Where Intel didn’t skimp was in supporting distinct segment registers for all parts of the application that might naturally support disjunct RAM spaces, code and data, but also the stack and something funny and new: a heap. The big advantage was that those segments were implicit and didn’t need to be explicitly “mentioned”, included or quoted within the code: code would use the code segment base, data the data, stack …you get the picture. Then there was even an extra segment, just in case you’d need one, accessible via an override, at the cost of an extra code byte, not a full segment address on top of the offset.
Now you need to remember that the first part of the mission was to run 8-bit 8080 code with a minimum of change. That code at the time typically wasn’t in some high level language, but machine code written with assembly mnemonics and you couldn’t just compile that for another architecture… actually they did support that as much as possible at the time.

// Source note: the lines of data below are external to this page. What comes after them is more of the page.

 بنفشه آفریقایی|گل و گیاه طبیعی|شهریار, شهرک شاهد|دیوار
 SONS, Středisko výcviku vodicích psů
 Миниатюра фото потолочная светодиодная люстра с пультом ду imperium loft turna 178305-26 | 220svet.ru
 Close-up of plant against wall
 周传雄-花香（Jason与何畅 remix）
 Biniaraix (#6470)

But mixing code and data used to be considered proper, even genius or von Neumann, it was also the only original option. And things like recursion, variable length strings, complex linked data structures, or object oriented programming weren’t done on small computers ...until much later.

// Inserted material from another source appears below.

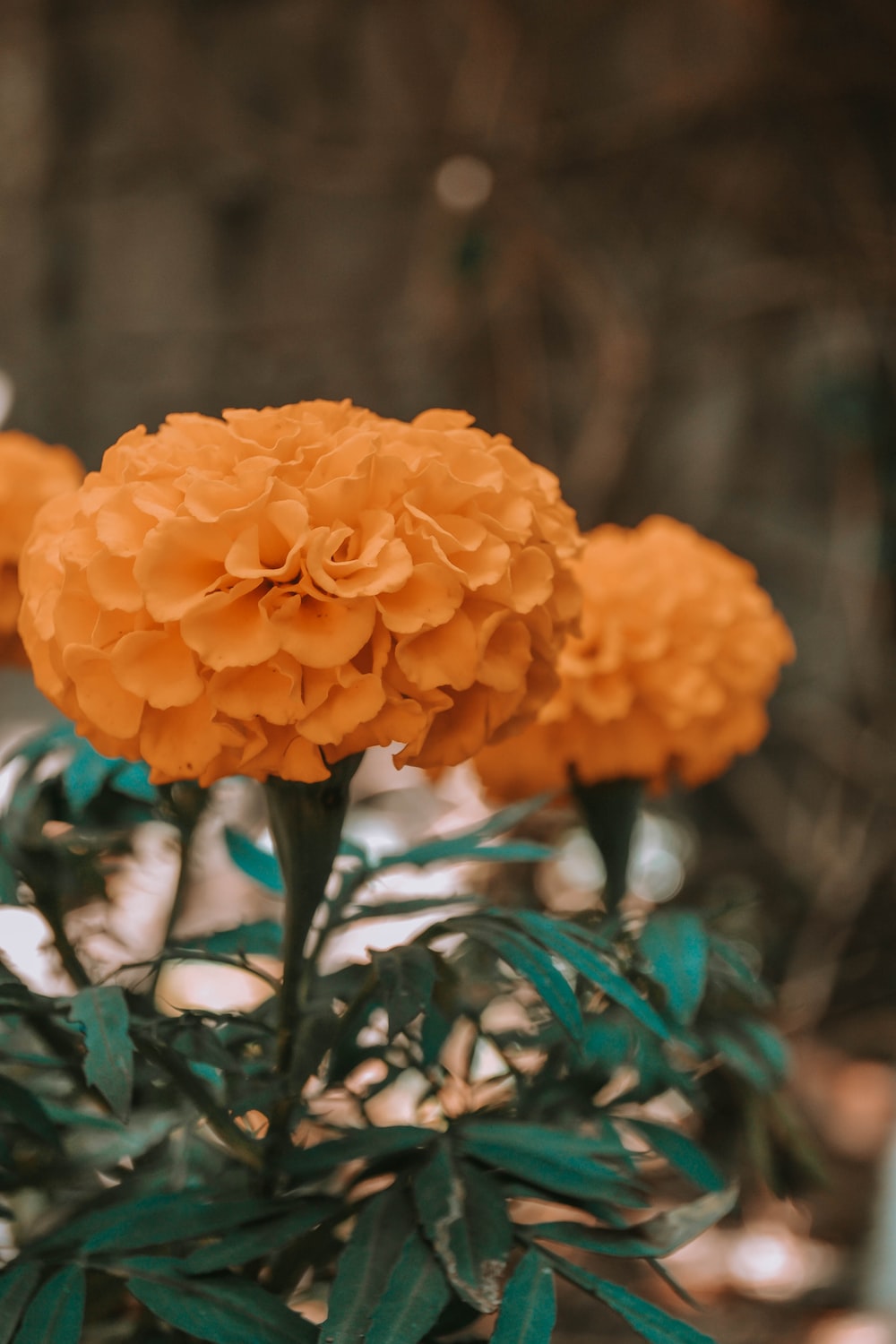 Marigold Flower Picture. Download Free Image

Then of course stacks and heaps might crash and burn, while turning data into code caused all kinds of other problems, but your old 64k assembly code with hard-wired data offsets strewn all across would simply be loaded with identical code and data segment addresses or full overlap, while say a Cobol program would have run just fine with code and data “tight but separate” just as it originally ran on machines about the same size a decade earlier.
Of course, people did funny things with equivalence statements in Fortran (variant records in Pascal) or even tried recursion via a proxy function, because only direct recursion was detected by the compiler and abort code generation… Yup that was me, on a PDP-11, a quick way to cause a segment fault, because the PDP-11 could detect segment overruns.
To those with discipline or using a safe language like Cobol separating code and data segments immediately provided extra room, while very few stacks would ever grow large without recursion.
And then, if that wasn’t enough, there would always be the possibility to use long addresses for code, or data, or both, to take advantage of every last bit of RAM your PC might have: still better than being tied to 64KB on a machine that increasingly had more while you didn’t share it like those MP/M machines.
Getting the original 8086 segmented architecture wrong, which ruled PCs long past the day the 80386 launched, is hard to forgive.
Sorry, Liam, your site admin can provide you with my e-mail address!